I miss talking to him and telling him what we’ve been up to. I miss his simple look at life. I miss his laugh, especially when it was over something he thought was funny. Mom would give him her “mom scowl” of disapproval, then turn away in exasperation hiding her own smile that she couldn’t help come across her own face.
Maybe I miss dad more today because it’s Memorial Day Weekend and you remember those who have passed on. Maybe it’s because I enjoyed going camping with dad and watching him so enjoy sitting around a roaring campfire, warming up to its radiating warmth. That brings a flood of memories back to me.”
When dad wasn’t working extra jobs or long hours he was often helping out a neighbor or someone from church.

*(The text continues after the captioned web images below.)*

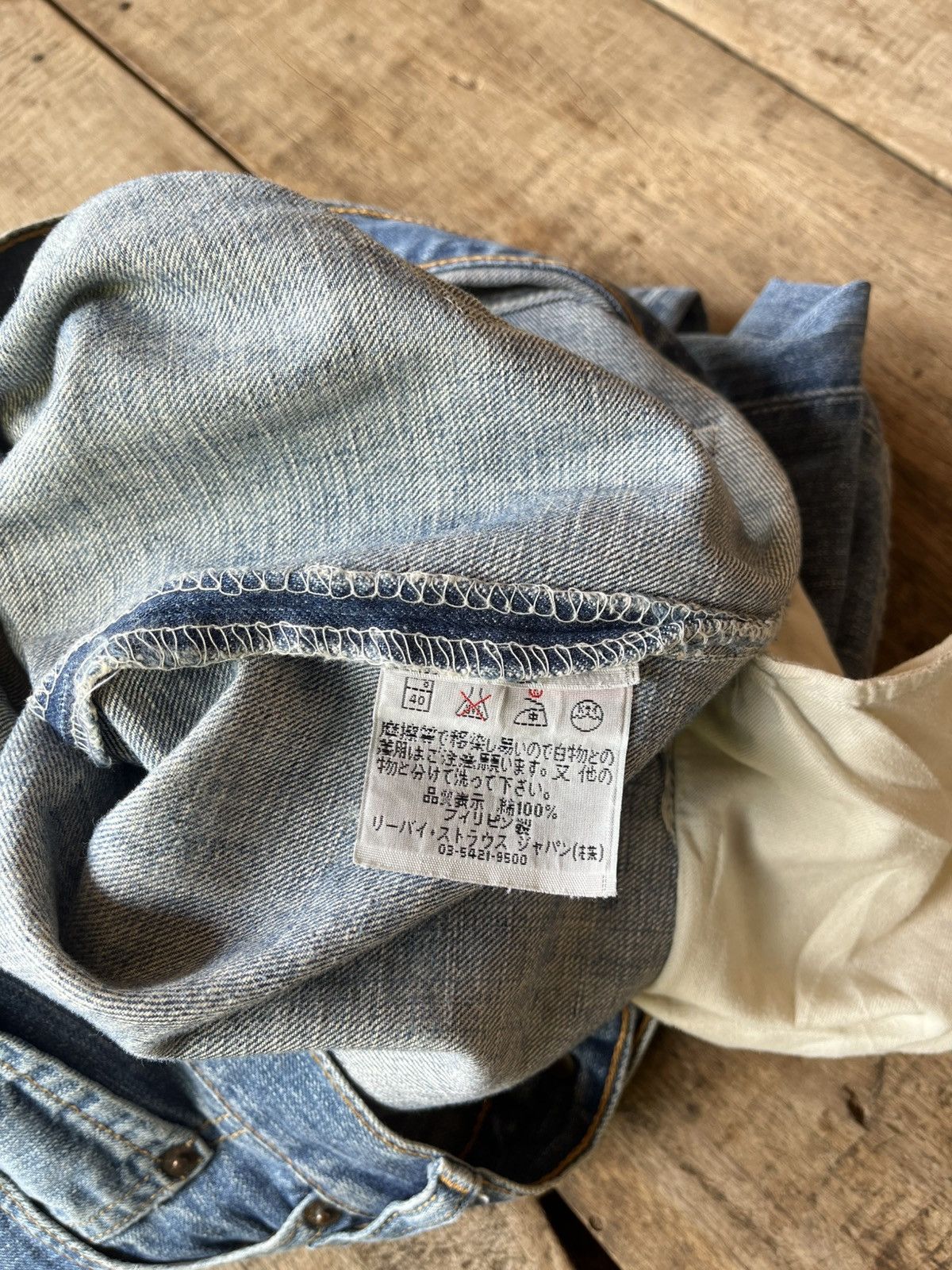 Vintage Thrashed Faded levi’s 501 grunge Size US 33 - 8 Thumbnail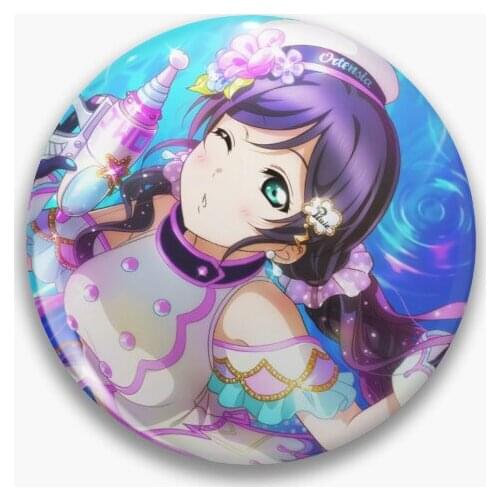 Nozomi Tojo Raindrops Soft Button Pin Badge Gift Metal Lover Clothes Women Hat Brooch Lapel Pin Cartoon Fashion Decor Cute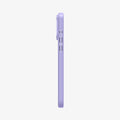 ACS06549 - iPhone 15 Pro Max Case Thin Fit in iris purple showing the side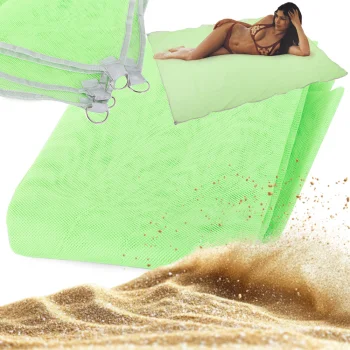 Large Beach and Picnic Mat 200x150 cm, Waterproof, Green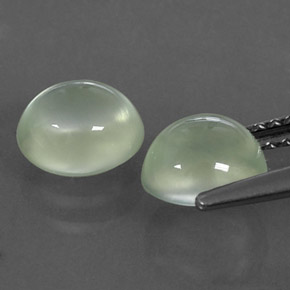 Achetez naturel ct vert préhnite gems, transparent, en provenance afrique du sud chez gemselect. en stock, livraison internationale!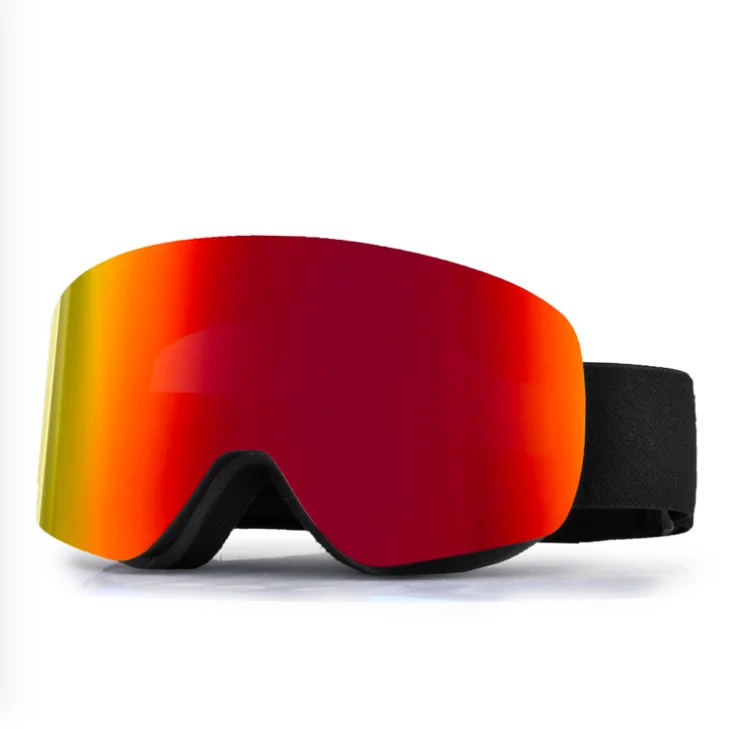 

Ski goggles buckle type cylindrical double layer anti-fog outdoor ski goggles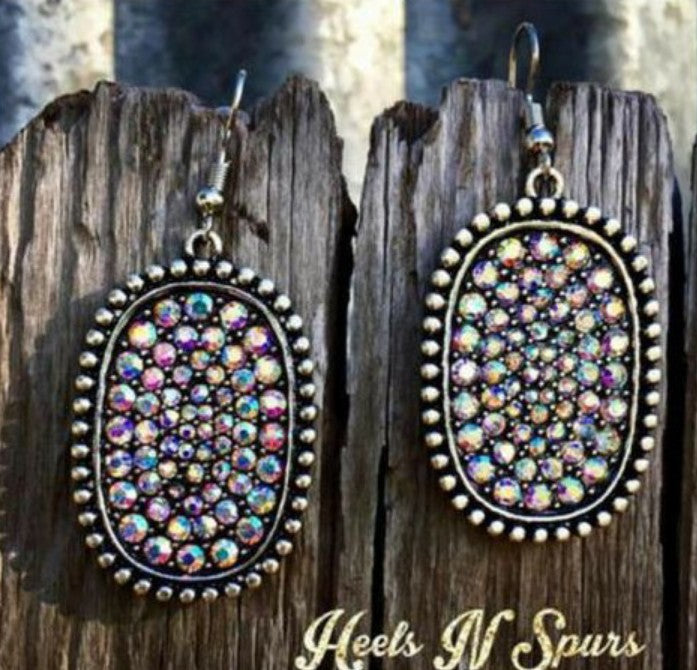 Vintage Cross Earrings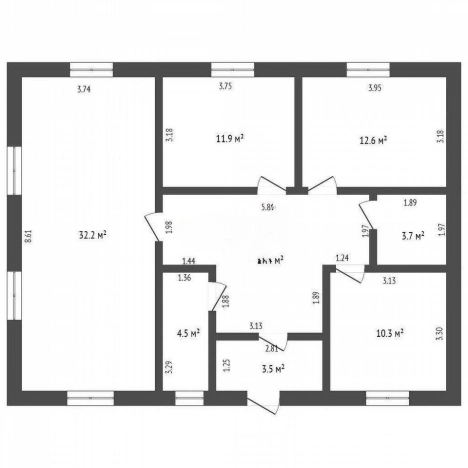 Купить дом в Москве. Вариант № 8851756, 4, площадь -  квм, цена 7300000 рублей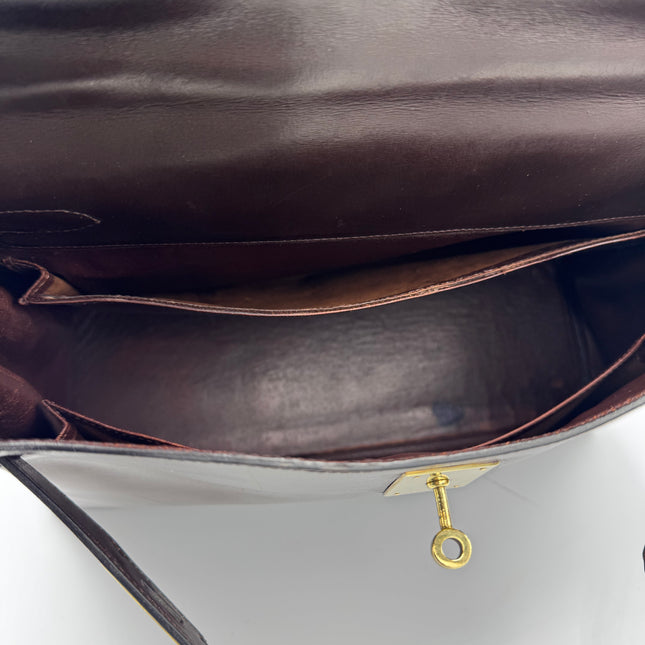 Sac Kelly 32 Hermès Chocolat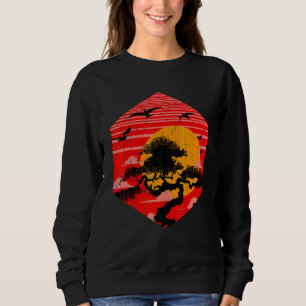 Sudadera Jardinería budista zen atardecer estético japonés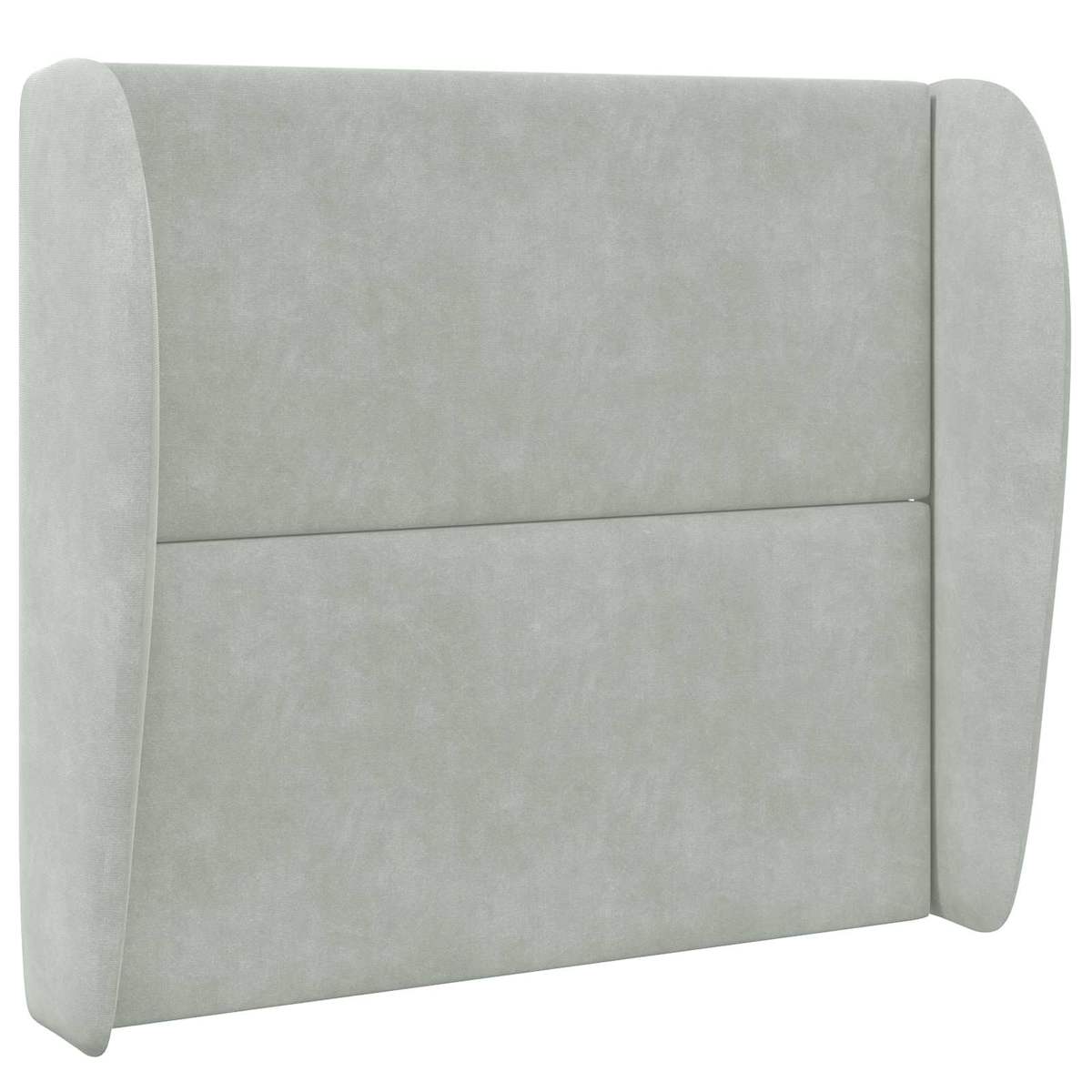 Hovedgærdeøre Lysegrå 80 x 23 x 6 cm Fløjl - Billede 3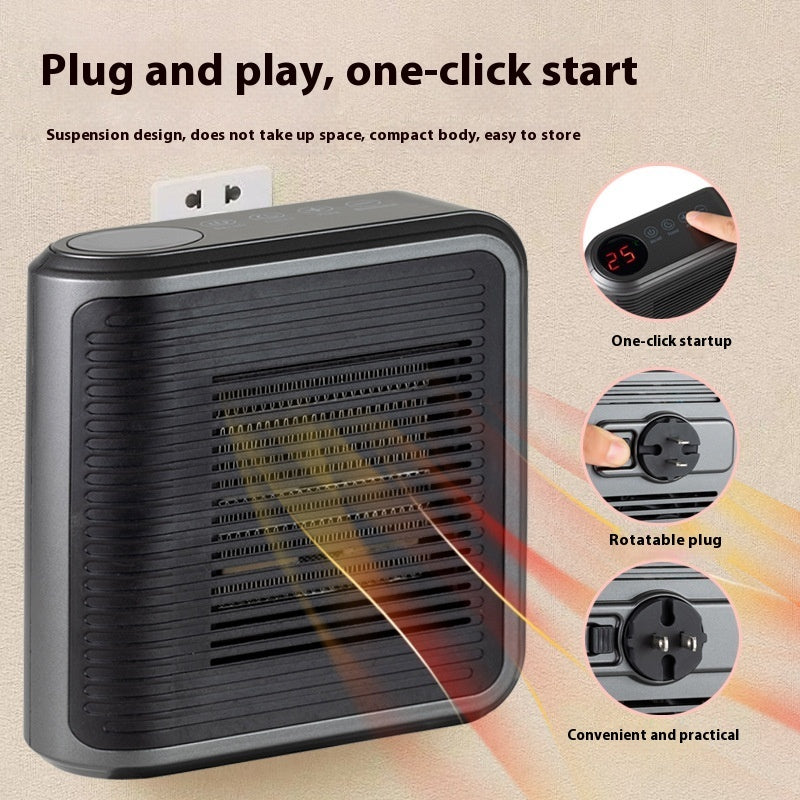 Mini Wall-Mounted Fan Heater - Multifunctional Climate Control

I don’t know how often, but I know it was often that he was out helping someone clear some ground, cutting down a tree or helping a widow lady with some heavy work or fixing a car. He was always willing to make someone’s life a little easier. Every summer while my grandparents had their farm, dad was out there helping get in their hay. Of all the time I spent with my dad, probably the majority of it was spending it working with him doing one task or another.
I learned some great lessons from dad. Commitment to the Lord was not an option. Through thick or thin, walking with the Lord was most important. We went to church whenever the doors were open. Church was a big part of our life.
Hard work didn’t hurt anyone, well most of the time. But you work hard and give your best at whatever you are supposed to be doing. Whether you are getting paid or not, do your best and do a good job. Make do for yourself and don’t expect others to do for you. People got their own worries and responsibilities without having to worry about you or be responsible for you. If you need something, work for it. If you need extra, work extra for it. Make sure you uphold your end of the bargain and fulfill your responsibilities to your family, to your church, to your employer; to your community, to whoever. Whenever you do need help, make sure you show great appreciation.
Regrets! I certainly regret not spending more time with Dad. He was a really good person. He loved the Lord. He served God faithfully for many years. He worked hard all his life to provide for us. But, still, I wished I could have spent more time with him.
Young or old, still living or not, perfect or not, I honor my dad.
I hope you can, too. Happy Father’s Day!